Best by contact: Edward Weston.
Worst by the standards of the two above: Bill Brandt. But he had a personal style so extreme that no one has gone there since; so good (?) after all.

Andrew F
15th May 2011, 08:27 AM
I have gone WOW when seeing prints by the photographers below. I've also been fortunate to have been on workshops given by a couple of them,.and in also having prints from three of them

John Blakemore
Wynn Bullock
Paul Caponigro
Emmet Gowin
Paul Strand
Edward Weston

Steve O
15th May 2011, 08:36 AM
W. Eugene Smith
Larry Bartlett
Ansel Adams


Steve

Trevor Crone
15th May 2011, 10:57 AM
From original prints that I have seen;

Edward Weston
Brett Weston
George Tice
Wynn Bullock
Lewis Hine
Paul Strand
Ansel Adams

Richard Gould
15th May 2011, 02:06 PM
Larry Bartlet, Eddie Epharums, Robin Bell.
Richard

vanannan
15th May 2011, 03:03 PM
Did Bill Brandt print his own work???

borek
15th May 2011, 03:22 PM
I like old masters(all) and now I like Clyde Butcher and Robin Bell

dsallen
15th May 2011, 04:14 PM
For most of his career Bill Brandt certainly did all of his developing and printing himself. Towards the latter part of his life he was dogged by illness and could not always print his own work. He placed a strong emphasis on the need for photographers to do their own printing and was disparaging about those who didn't - as he felt that it was a key part of realising the image. The major shift in his printing style from dark moody somewhat grey prints to high contrast prints he developed after the war whilst working with the ultra-wide angle camera.

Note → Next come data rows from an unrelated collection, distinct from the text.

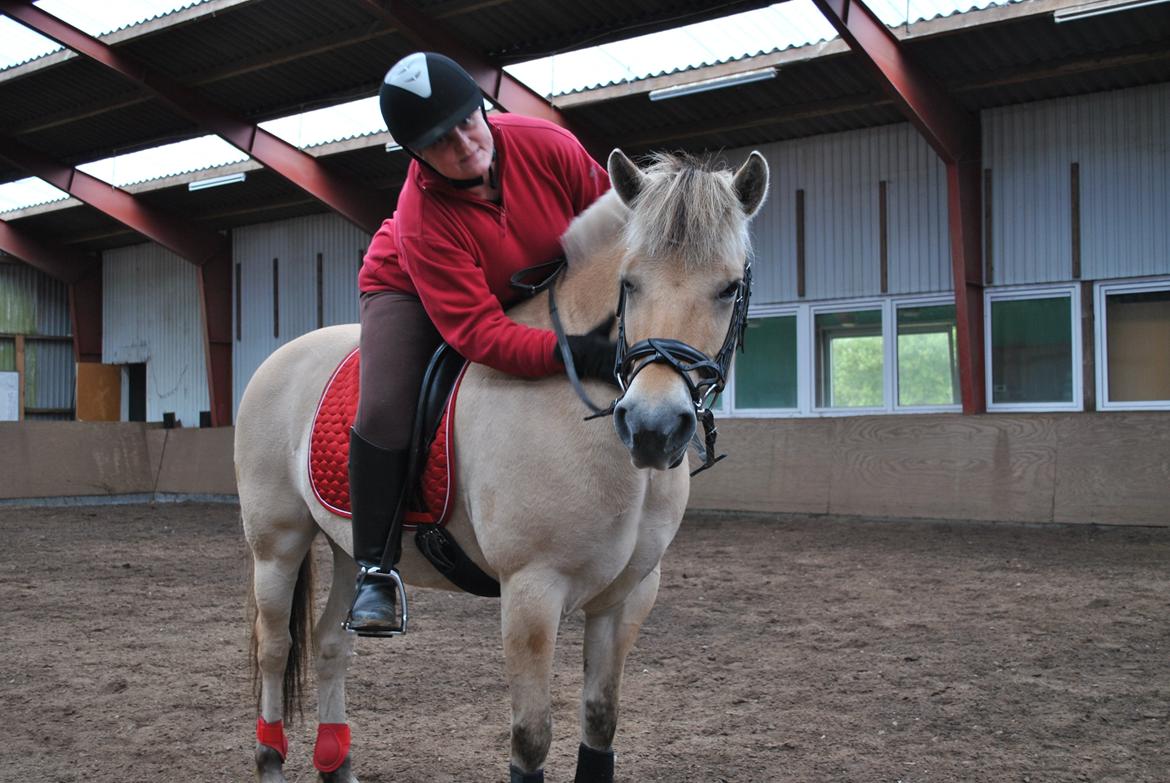 Fjordhest Thilde billede 1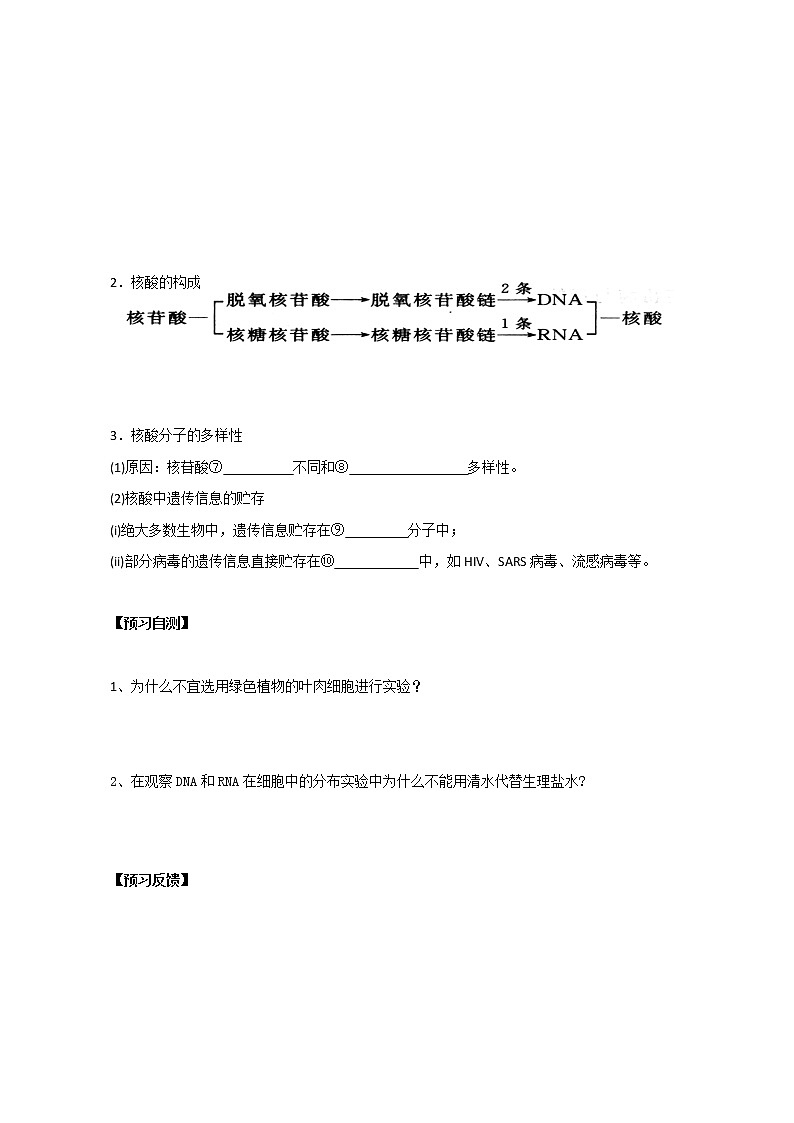 人教版高中生物必修1学案：2.3 遗传信息的携带者——核酸 Word版含答案03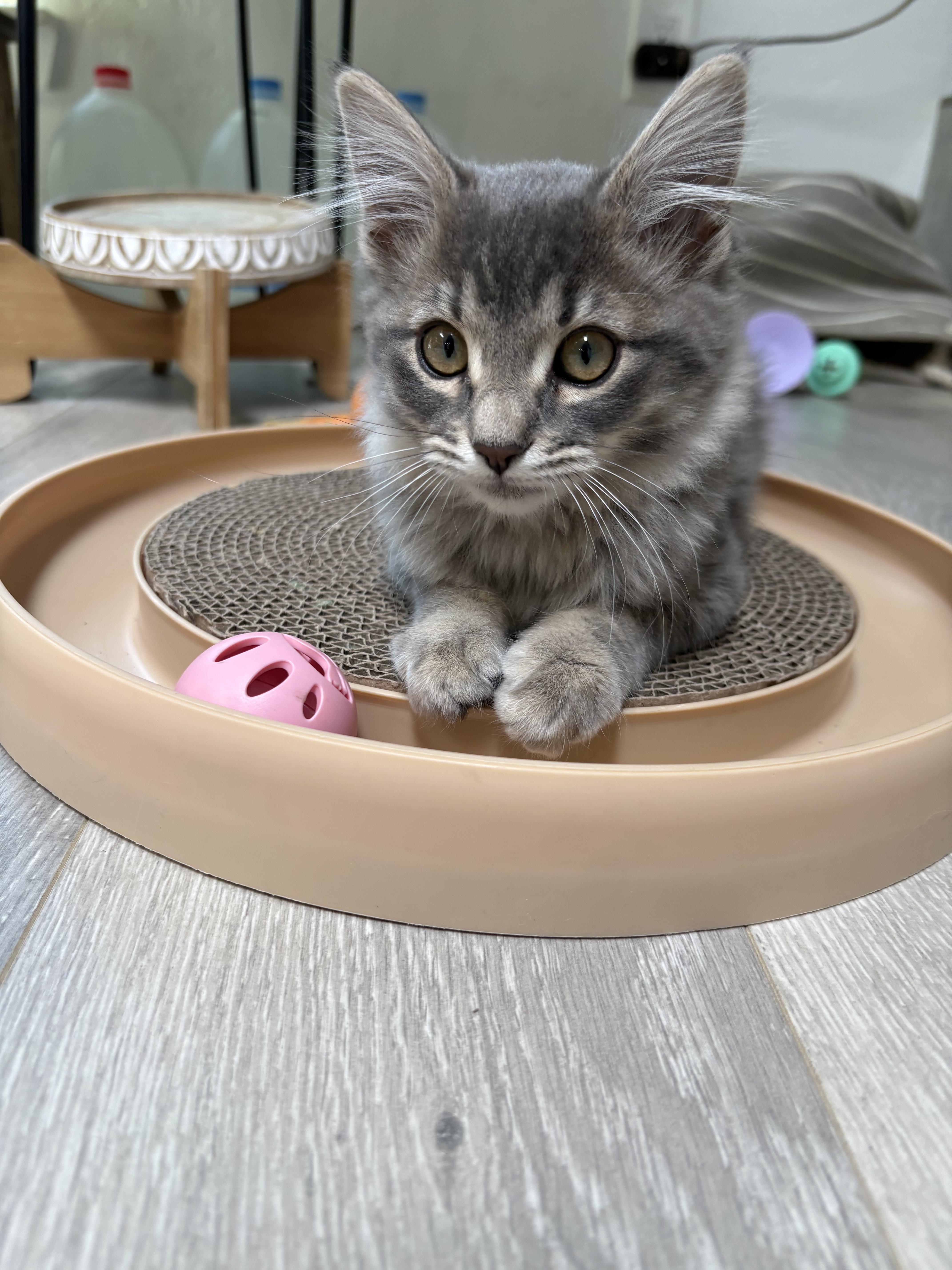 Glenda, an adopted mixed breed in Albuquerque, NM image 4/6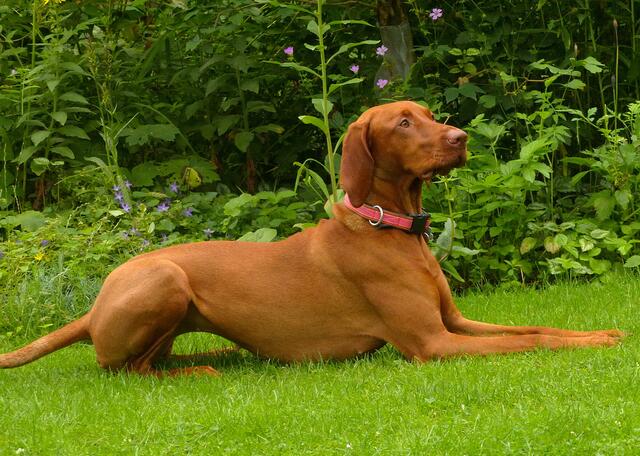 Der Vizsla ist ein ungarischer Vorstehhund, der ursprünglich aus Asien stammt.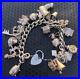 Vintage-1970-s-Silver-25x-piece-charm-bracelet-inc-NUVO-ice-bucket-padlock-101g-01-kkin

If memory serves me correctly, Robin Bell currently prints Brandt's back catalogue with prints being available in silver, platinum and, possibly, inkjet versions.

I have had the following quote from Brandt in my notebook from the early 1980's - I think it was noted down from a 1970 UK photo mag interview (or possibly Bill Bishop's notes for the big London retrospective).

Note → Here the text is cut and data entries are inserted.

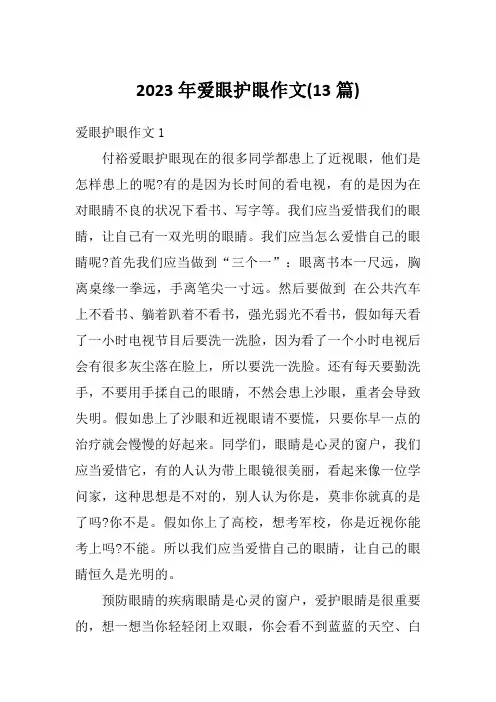 2023年爱眼护眼作文(13篇)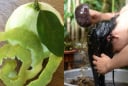 Cách gội đầu bằng vỏ bưởi trị rụng tóc, kích thích tóc mọc nhanh lại suôn mượt, sạch gàu
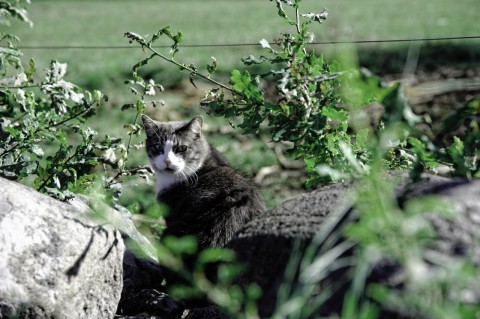 Bild: Die Katze von Kolboda in der historischen Provinz Småland in Schweden. NIKON D700 und AF-S NIKKOR 24-120 mm 1:4G ED VR. ISO 200 ¦ f/5,6 ¦ 120 mm ¦ 1/500 s ¦ kein Blitz.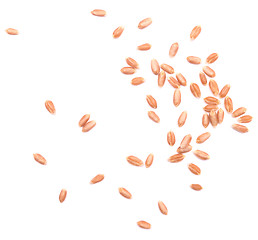 Image showing wheat grain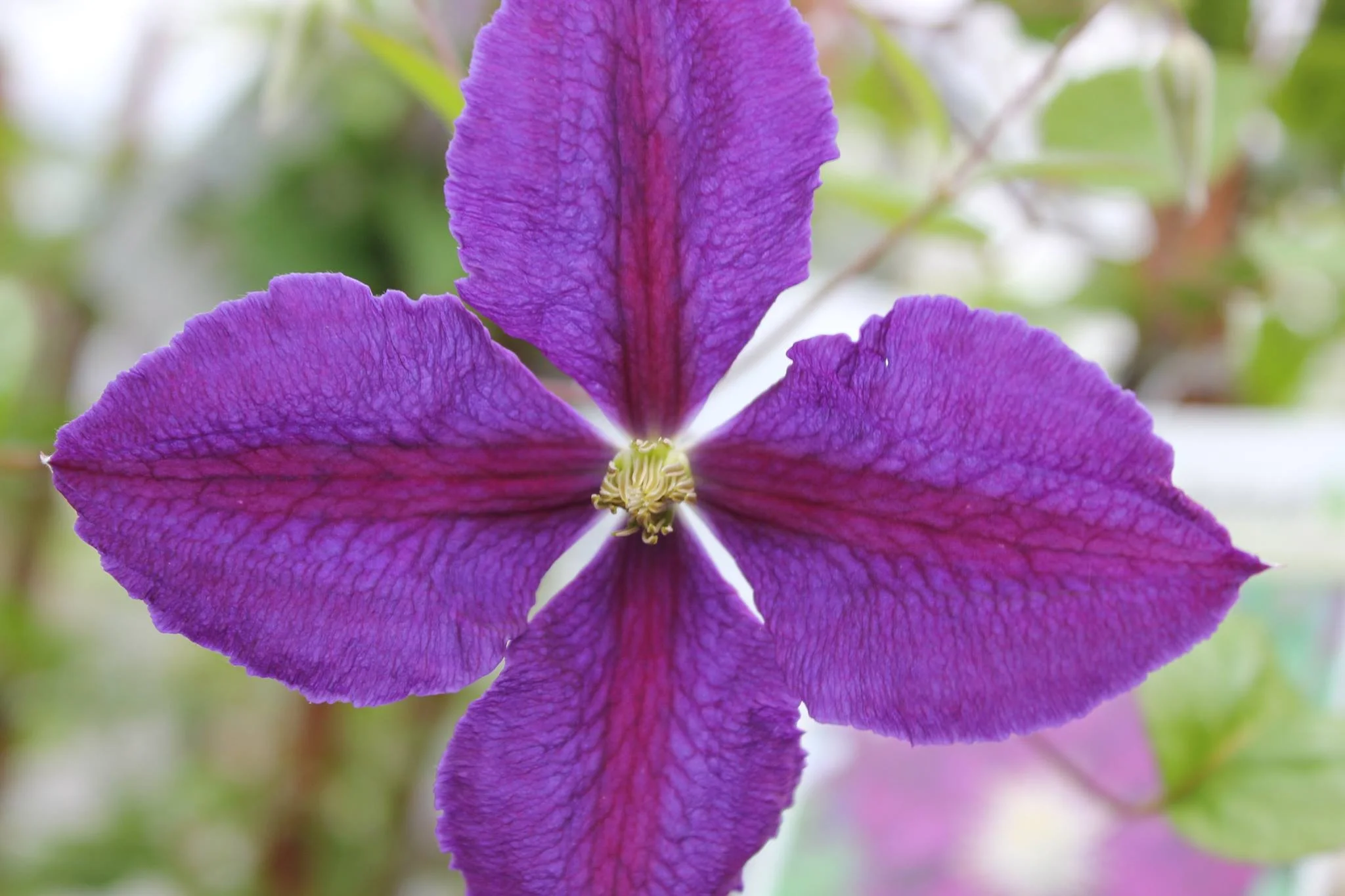 Clematis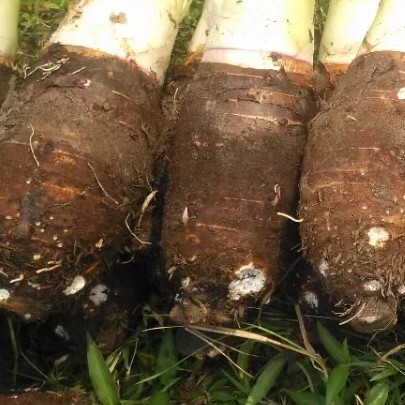 乐昌市韶关精品香芋，打包装车中，质量杠杠，颜色好看，颜值爆表！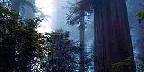 Coastal redwoods, Lady Bird Johnson Grove, California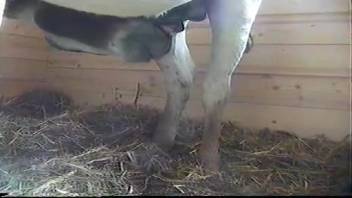 Massive horse cock drives bestiality fan to get freaky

"I consider it essential that the photographer should do his own printing and enlarging. The final effect of the finished print depends so much on these operations. And only the photographer himself knows the effect he wants. He should know by instinct, grounded in experience, what subjects are enhanced by hard or soft, light or dark treatment. But ... no amount of toying with shades of print or with printing papers will transform a commonplace photograph into anything other than a commonplace photograph ... It is part of the photographer's job to see more intensely than most people do."

Les McLean
15th May 2011, 05:37 PM
Paul Caponigro
Tom Baril who made Robert Mapplethorpe's prints

Tony Marlow
16th May 2011, 01:54 PM
Robin Bell, Tim Rudman,

Tony

WillShade
16th May 2011, 07:51 PM
+1 for Larry Bartlett and Tim Rudman.

PaulD
16th May 2011, 09:20 PM
Wynn Bullock
Paul Camponigro
Edward Weston
Ansel Adams

Peter Fitz
17th May 2011, 12:38 PM
I wouldn't be sure of the greatest printers of all time but I have seen the following in action and think their work is amazing.

John Blakemore
Les McLean
Tim Rudman

David Lingham
17th May 2011, 03:27 PM
Whoever printed Salgado's work would get my vote.